Orange Shirt Day: 5 ways to honour Residential School survivors
September 30, 2020

Several orange shirts hung on a clothes line between two trees

What is Orange Shirt Day?

On Sept. 30, people from across Canada will wear orange shirts in honour of Residential School survivors.

The story behind Orange Shirt Day began in fall 1973.

Six-year-old Phyllis Webstad of Stswecem’c Xgat’tem First Nation was excited for her first day of school. Wearing a brand-new orange shirt from her grandmother, she entered into the St. Joseph Mission Residential School just outside of Williams Lake, B.C.

Shortly after her arrival to the school, she was stripped her of her orange shirt in exchange for the school’s uniform.

The orange shirt taken from Phyllis is symbolic of her experience as well as the experiences of more than 150,000 Indigenous children who had their cultures, identities, and languages stripped from them upon their first days at school.

Wearing orange on this day is a collective commitment to reconciliation, guided by the spirit of healing.

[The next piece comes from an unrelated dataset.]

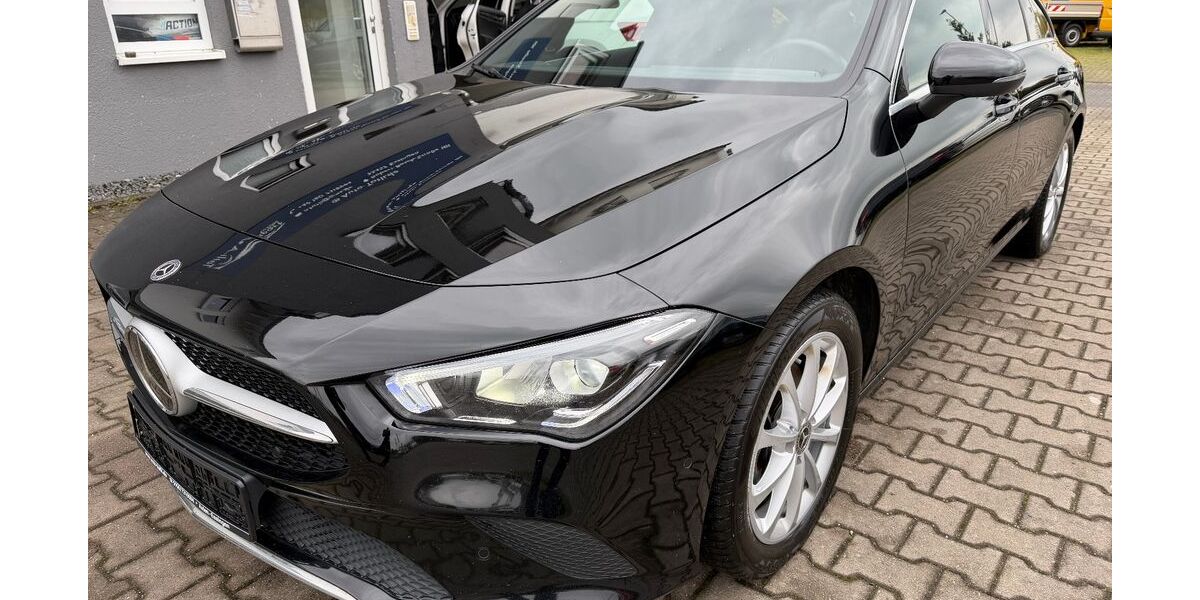 Mercedes-Benz CLA Shooting Brake 166.000 km 18.400 &euro; Essingen (Bei Aalen) 73457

Phyllis started the Orange Shirt Society to raise awareness about Residential Schools, the impact of intergenerational trauma on younger generations, and to send this important message: Every Child Matters.

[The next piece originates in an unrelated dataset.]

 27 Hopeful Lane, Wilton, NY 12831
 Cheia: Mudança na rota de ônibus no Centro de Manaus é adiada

In the spirit of reconciliation, every Canadian should honour Phyllis’ message – on this day and every day!

Live Q&A: Orange Shirt Day

5 ways to honour Orange Shirt Day

1. Explore the Residential School Timeline.

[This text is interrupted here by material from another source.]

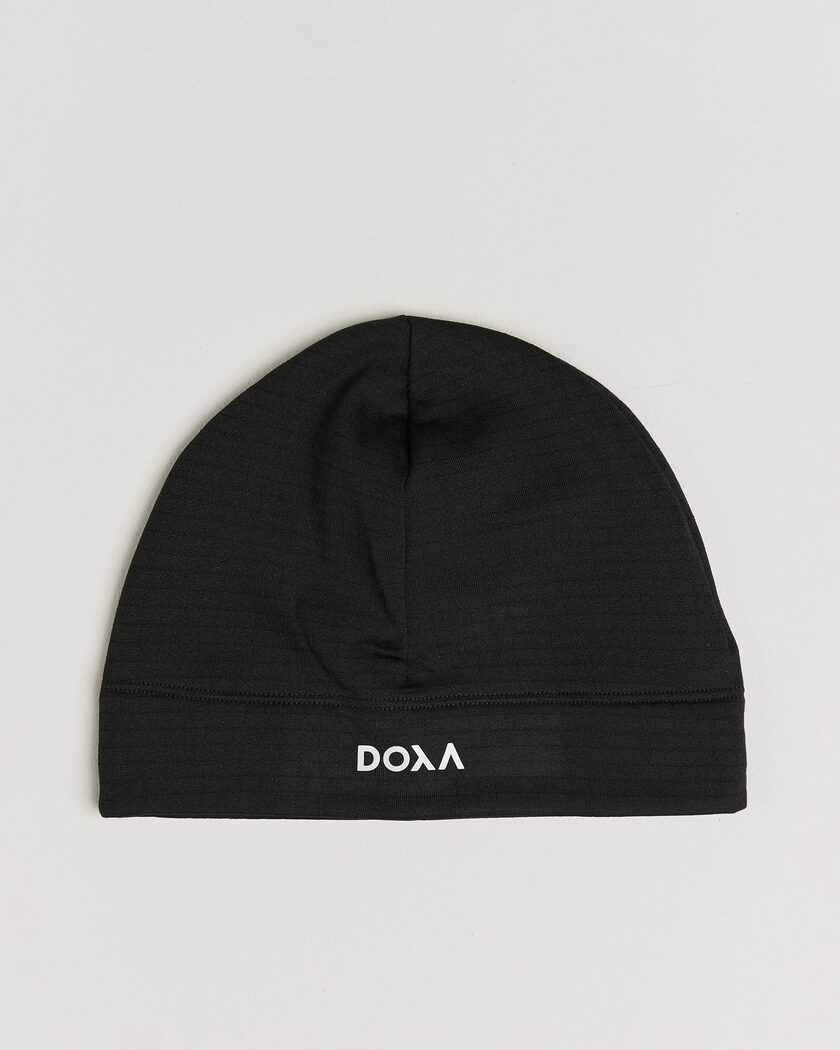 DOXA Beanie Black – Svart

2. Learn more about the Truth and Reconciliation Commission of Canada Explore the findings from the final report and read the Summary of the Final Report. Familiarize yourself with the 94 Calls to Action that call upon all Canadians, governments, churches, and public institutions to move towards reconciliation.

3. Learn more about and share Phyllis’ story:

4. Check out resources about Residential Schools, such as:
– Indian Horse (access through Georgian College’s Library)
– They Came for Us (access through Georgian College’s Library)
– Up Ghost River by Alexandra Shimo and Edmund Matatawabin
– They Call Me Number One by Bev Sellars
– Dear Canada: These are My Words by Ruby Slipperjack

5. Celebrate First Nations, Métis, and Inuit people by exploring their many achievements and contributions! As important as it is to understand the impacts of colonization on Indigenous people, it is equally important to celebrate Indigenous resilience and cultural resurgence.